I was recently going through Alaska’s recently-released 2011 10-K, and the company provided a simple, yet very thought-provoking chart of its capacity by region. It’s very interesting to see how Alaska’s network has developed  - over the past three years Hawaii’s share of capacity has doubled, while the West Coast’s share has decreased by roughly eight percentage points.

Looking at this chart makes me wonder what’s next for Alaska’s growth over the coming years, especially as it begins taking delivery of the 737-900ER (Alaska expects to have three at the end of the year). The airline has already announced new service for this year in a bunch of different markets, including more regional flying out of San Diego and Portland, Honolulu flights from San Jose and Oakland, and new service from Seattle to Kansas City and Philadelphia. (the 10-K has a handy chart of everything that’s been announced so far).

Southwest Says the “Number of RNP Approaches Has Slowed”

Southwest Airlines has taken many large and difficult steps to prepare for implementing Required Navigation Performance (RNP), not least of which included training its entire pilot group. But the steps had a significant payoff: RNP allows a carrier to fly more efficient procedures  that can reduce fuel burn. When the Dallas-based launched RNP operations in January last year, it estimated the program would provide “anticipated savings of more than $60 million per year once all Southwest airports have efficient RNP procedures.” It appears, however, that those savings are taking a bit longer to materialize, according to Southwest’s recently-filed 2011 10-K.

“For reasons out of its control, Southwest’s total number of RNP approaches has slowed to fewer than 400 per month,” the company noted. To put that figure in context, Southwest had previously noted 600 RNP approaches were flown in the first week the program was active. Southwest flew a total of 6,790 RNP approaches last year, but 1,400 of them (around 20%) were flown in the first 20 days of the program.

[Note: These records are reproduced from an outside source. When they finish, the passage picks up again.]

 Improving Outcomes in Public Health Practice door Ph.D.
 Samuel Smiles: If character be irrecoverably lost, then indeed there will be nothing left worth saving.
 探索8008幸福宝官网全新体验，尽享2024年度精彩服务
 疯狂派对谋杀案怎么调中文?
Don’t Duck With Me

The airline noted that it “must rely on RNP approaches published by the FAA, and the rate of introduction of RNP approaches has been slower than expected, with RNP approaches currently available at only 17 airports.” When Southwest started RNP operations last year, 11 airports were part of the program.

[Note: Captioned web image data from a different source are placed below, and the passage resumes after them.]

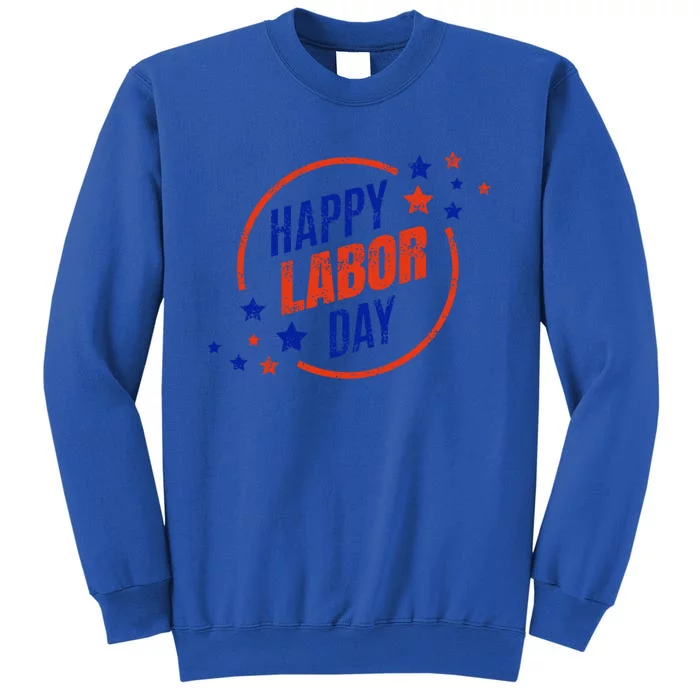 2020 Labor Day For All U S Workers Happy Labor Day Gift Cool Gift Tall Sweatshirt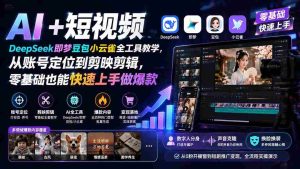 (19759期) AI+短视频|DeepSeek即梦豆包小云雀全工具教学,从账号定位到剪映剪辑,零基础也能快速上手做爆款-晓懂云创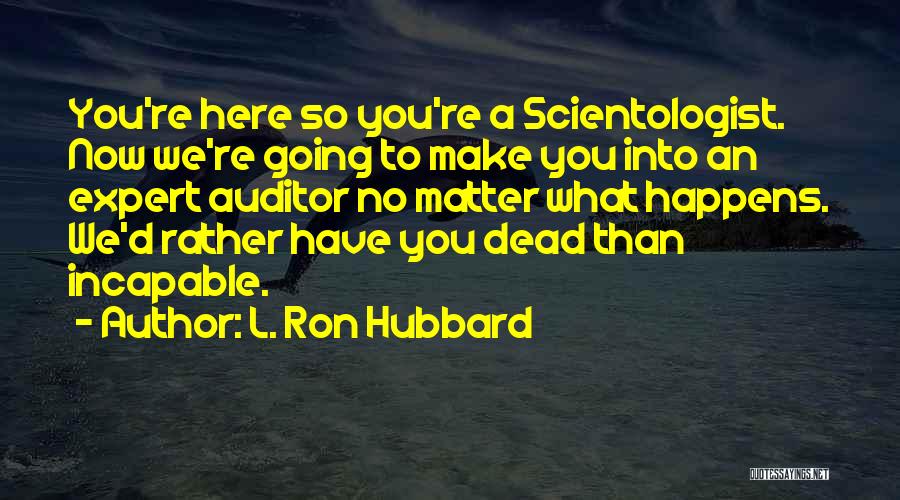 Best Auditor Quotes By L. Ron Hubbard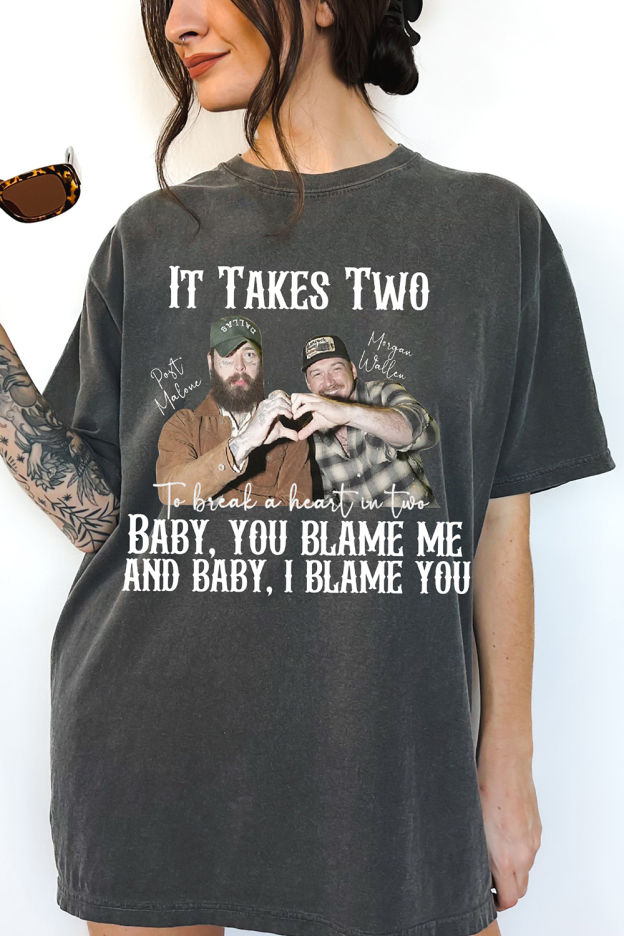 Morgan Wallen Post Malone It Takes Two I Had Some Help Tee For Women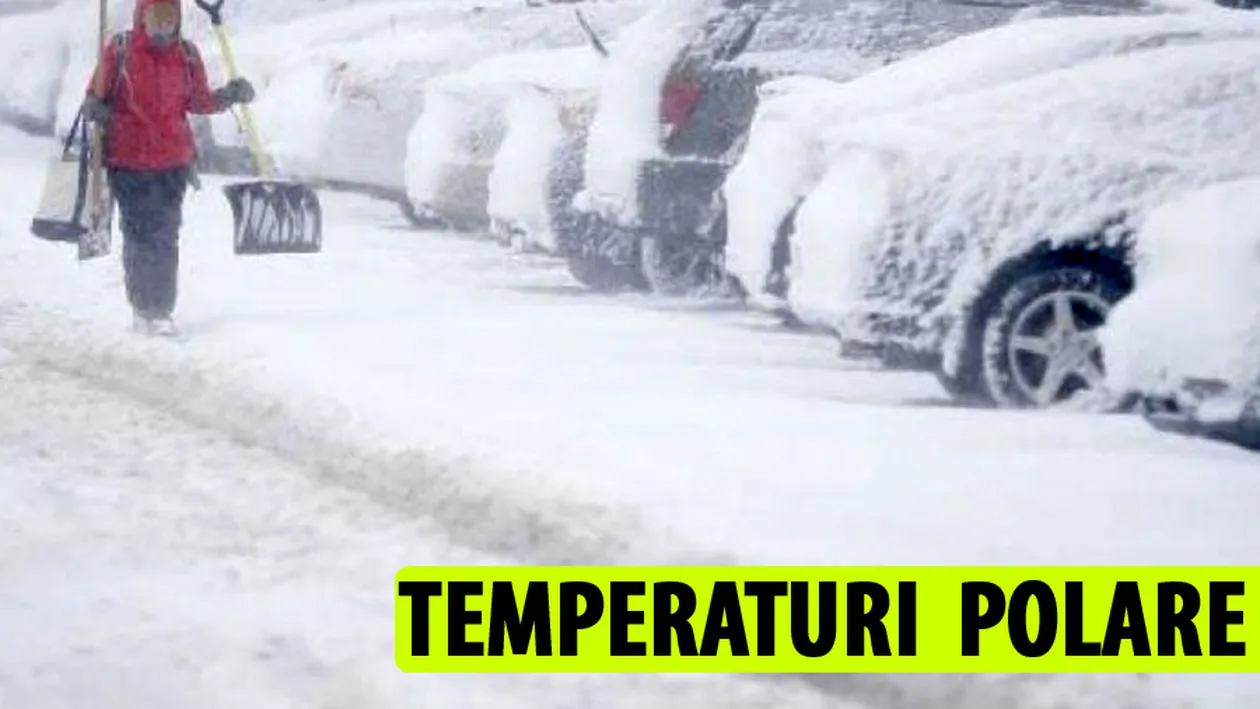 ANM anunță marea urgie! Temperaturi polare în toată România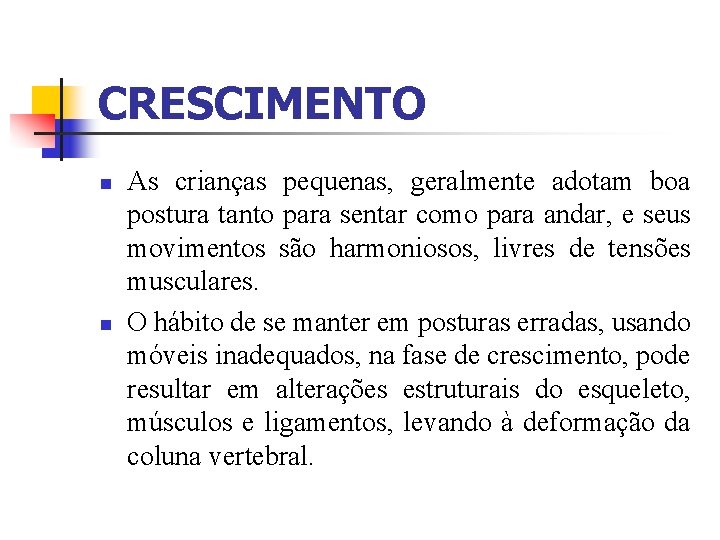 CRESCIMENTO n n As crianças pequenas, geralmente adotam boa postura tanto para sentar como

But the issue is not simply the introduction of approaches – Southwest also noted that “even at airports with approved RNP approaches, the clearance required from air traffic controllers to perform RNP approaches is often not granted.”

“As a result, in the second half of 2011, the Company decided not to equip its Classic (737-300/500) aircraft with RNP capabilities,” Southwest concluded.

RNP is an exciting technology that holds lots of opportunity for Southwest and the industry as a whole — hopefully progress will be made in this area soon.

American Provides More Detail on Planned Revenue Improvements

Earlier this month, American CEO Tom Horton said in a letter to employees that it planned to achieve $3 billion in annual improvement to the business. $2 billion of this benefit is slated to come from cost savings, while the remaining $1 billion would come from enhanced revenue generated by “network scale, fleet optimization, and product improvements.”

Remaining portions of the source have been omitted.